Police Department Teams With UMSL to Fight Crime
Earlier today the St. Louis Board of Police Commissioners voted to approve a partnership between the St. Louis Metropolitan Police Department, the Office of the Mayor and the University of Missouri--St. Louis. The partnership is a result of a recent report calling for the city to increase its information infrastructure as a means of fighting crime.
University of Missouri--St. Louis UMSL criminology professor Richard Rosenfeld will soon become a regular presence at police headquarters.
Beginning next month, one UMSL criminologist and one graduate student will assume new work spaces inside police headquarters, where they will use their academic backgrounds to assess new crime-reduction initiatives the police will be launching in the months ahead.
One initiative, for example, uses a systematic hot-spot approach, whereby patrol cars will travel back and forth between areas given a high-crime designation. Officers will spend no more than fifteen minutes at those high-crime sites, and no more than eight minutes away from them, at any given time, which is a method that's seen results in Sacramento, California, according to Police Chief Daniel Isom. The UMSL team will then help the department evaluate whether that practice generates good results here as well.
"UMSL gives us added experience," Isom tells Daily RFT. "We have a planning and research unit, but oftentimes we're not able to do the rigorous research that UMSL specializes in."
A second initiative that will be rolled out in the future, says Isom, will take the form of notification meetings between police and unruly groups of residents in targeted neighborhoods. Rather than arresting them all, says the chief, patrol officers will invite the trouble-makers into a meeting room for what Isom calls "a summit," during which police officers will caution the group that they're being watched closely.
The UMSL project is called the St. Louis Public Safety Partnership. In addition to increasing information capacity, it's intended to help reduce recidivism rates, rely more on academic literature, organize the inchoate trappings within the criminal justice system and communicate better with outside city agencies. The mission of the project is based on the many recommendations written in a 60-page report by specialists at IBM back in June. Earlier in the year, St. Louis was one of 100 international cities to win a "IBM Smarter City Challenge Grant," which resulted in a three-week visit by IBM evaluators dead-set on finding holes in the city's police department and developing ways to plug them.
As of now, the UMSL partnership is not costing the city any money, though that could change down the road.
During this morning's meeting, Mayor Slay praised the initiative and re-emphasized that the police department was the No. 1 budgetary priority for the city -- about $250 million a year goes to public safety, he said, suggesting that the heavy financing helped the city reduce crime by 40 percent over the last five years.

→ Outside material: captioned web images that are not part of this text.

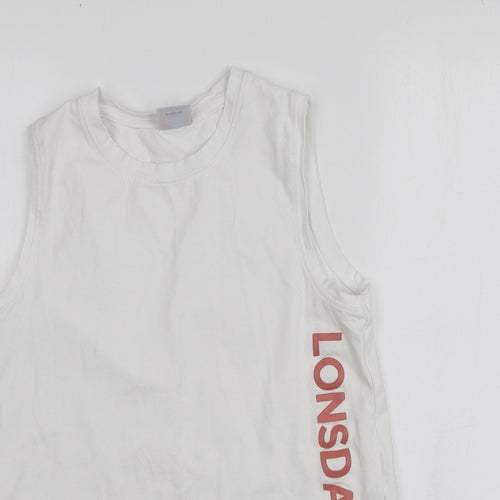 Lonsdale Girls White Geometric 100% Cotton Basic T-Shirt Size 13 Years Round Neck
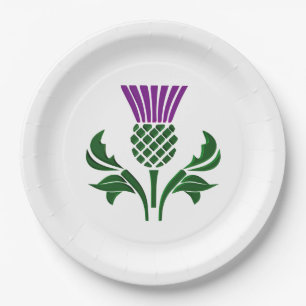 Scottish emblem thistle paper plate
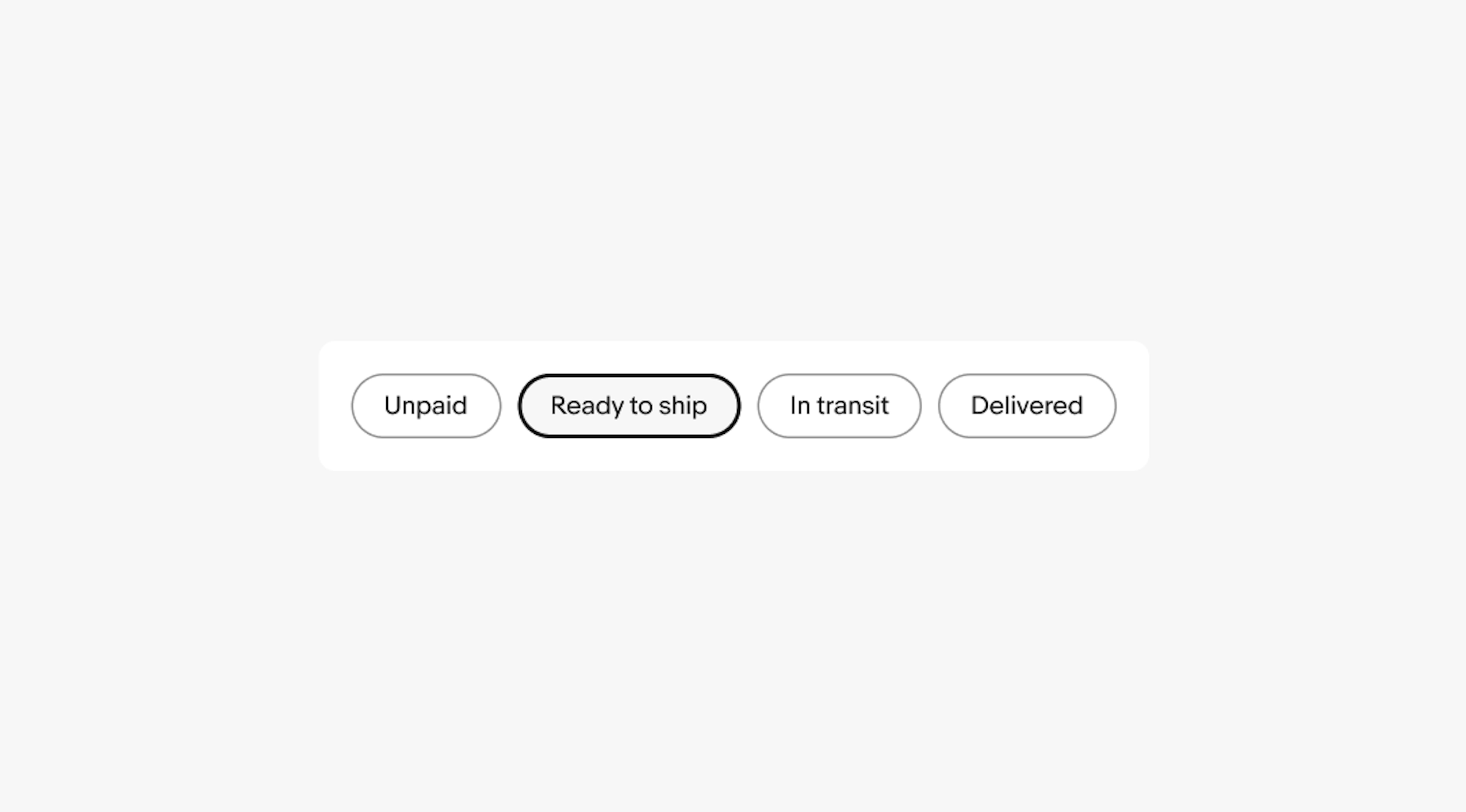 Four single discrete quick filters: Unpaid, Ready to ship, In transit, and Delivered. Ready to ship is the only filter in a selected state.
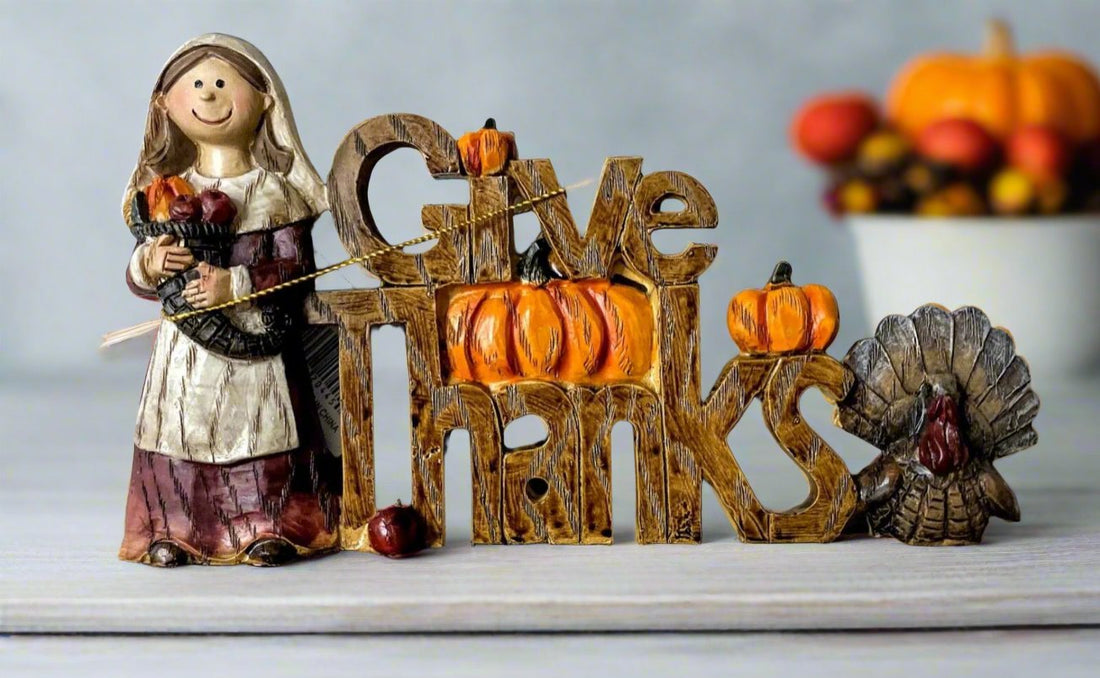 Farmhouse/Country Fall Pilgrim Give Thank of Happy Harvest Tabletop Sign 3” x 4&quot; - The Primitive Pineapple Collection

"That's a significant drop, but we can do better," said the mayor.
UMSL, which has one of the top five criminology departments in the country, has worked before with the St. Louis police department, consulting with them about officer-involved shootings and racial profiling.
Also on hand during this morning's meeting were UMSL Chancellor Thomas George and Professor Richard Rosenfeld. During his remarks, Rosenfeld turned to Isom and, noting that the chief was an UMSL alumnus, told the audience: "He's Dr. Isom to us."